By ITSUKI SOEDA/ Staff Writer
August 25, 2021 at 07:10 JST
OSAKA--When a massive dead whale was found drifting in Osaka Bay, local authorities took the rare step of burying the carcass, rather than cremating it, to harvest the skeleton for display at a museum.
The operation was undertaken in July by the Osaka Ports and Harbors Bureau to allow the flesh to break down naturally over a period of about two years.
According to the Institute of Cetacean Research, which studied the carcass, the male whale was 11.21 meters long and weighed about 8.5 tons.
The remains may be from an Eden’s whale, a species known as katsuo kujira (bonito whale) in Japan because of the tendency of bonito to gather around these whales as protection against predators.
“Details of the species’ ecology, such as the habitat and breeding grounds, remain unclear,” said Tsutomu Tamura, head of the institute’s bio-resource department. “If we can preserve a skeleton specimen, it will prove to be rare research material in Japan.”
The carcass was already in an advanced state of decay so it was impossible to pinpoint the cause of death or its age. The animal could have been washed by currents into Osaka Bay after it died outside the bay, according to the institute.
The carcass was buried in an area in Sakai, Osaka Prefecture, under the jurisdiction of the Osaka prefectural government on July 17-21. The project, which required the use of a crane and a large truck, is estimated to have cost about 10 million yen ($90,600).
The skeleton will be retrieved once the flesh has rotted off. Animal carcasses are sometimes treated with chemicals to remove the flesh, but the whale was too big to be processed that way.
The specimen will be kept at the Osaka Museum of Natural History, which has skeleton specimens of a sperm whale and a humpback whale that turned up in Osaka Bay.

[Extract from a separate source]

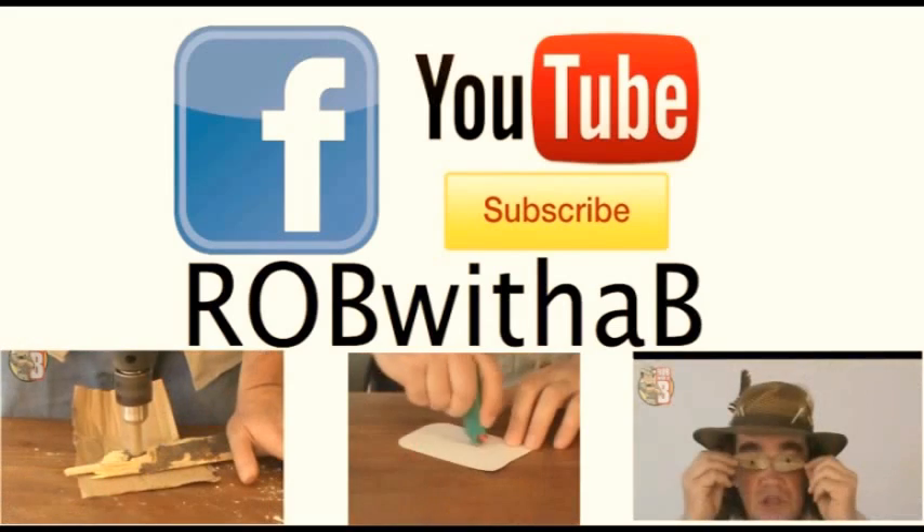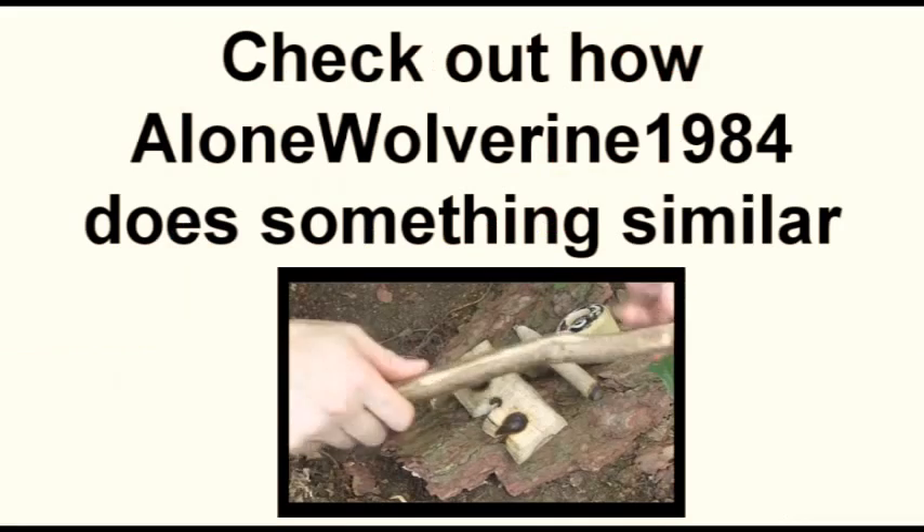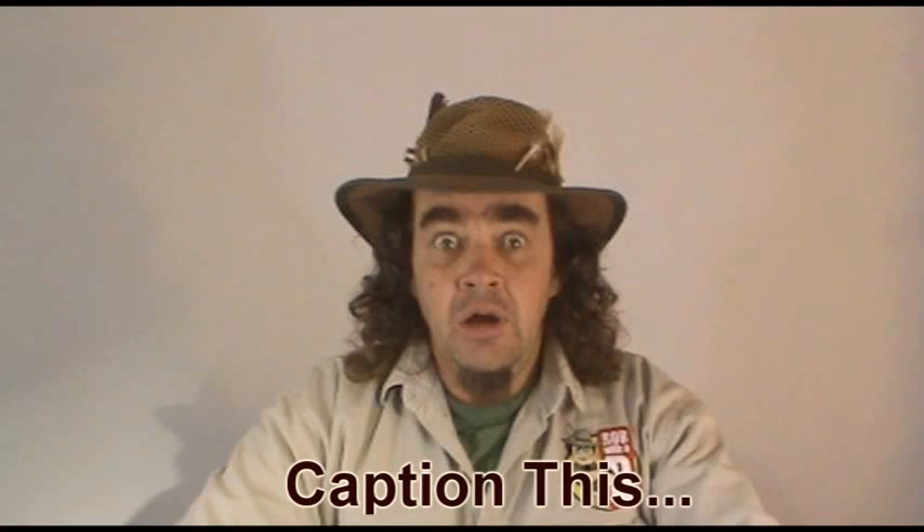If you like this video feel free to check out some of my others below, and there's a subscribe button there as well. Thank you!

According to the museum, it was the first time in 31 years for a whale carcass longer than 10 meters to be found in Osaka Bay since the 1990 discovery of a 19-meter-long finback.
“We want to amass skeleton specimens so people can learn what kinds of whales are visiting Osaka Bay,” said Takeshi Wada, the museum’s chief curator.
The whale was first spotted by a Japan Coast Guard patrol vessel off Awaji, Hyogo Prefecture, on July 8.
A speedboat service linking Kansai Airport and Kobe Airport was forced to curtail operations for safety reasons on July 10.
The Osaka Ports and Harbors Bureau hauled the whale with a vessel to Hannan Port in Kishiwada, Osaka Prefecture, on July 11.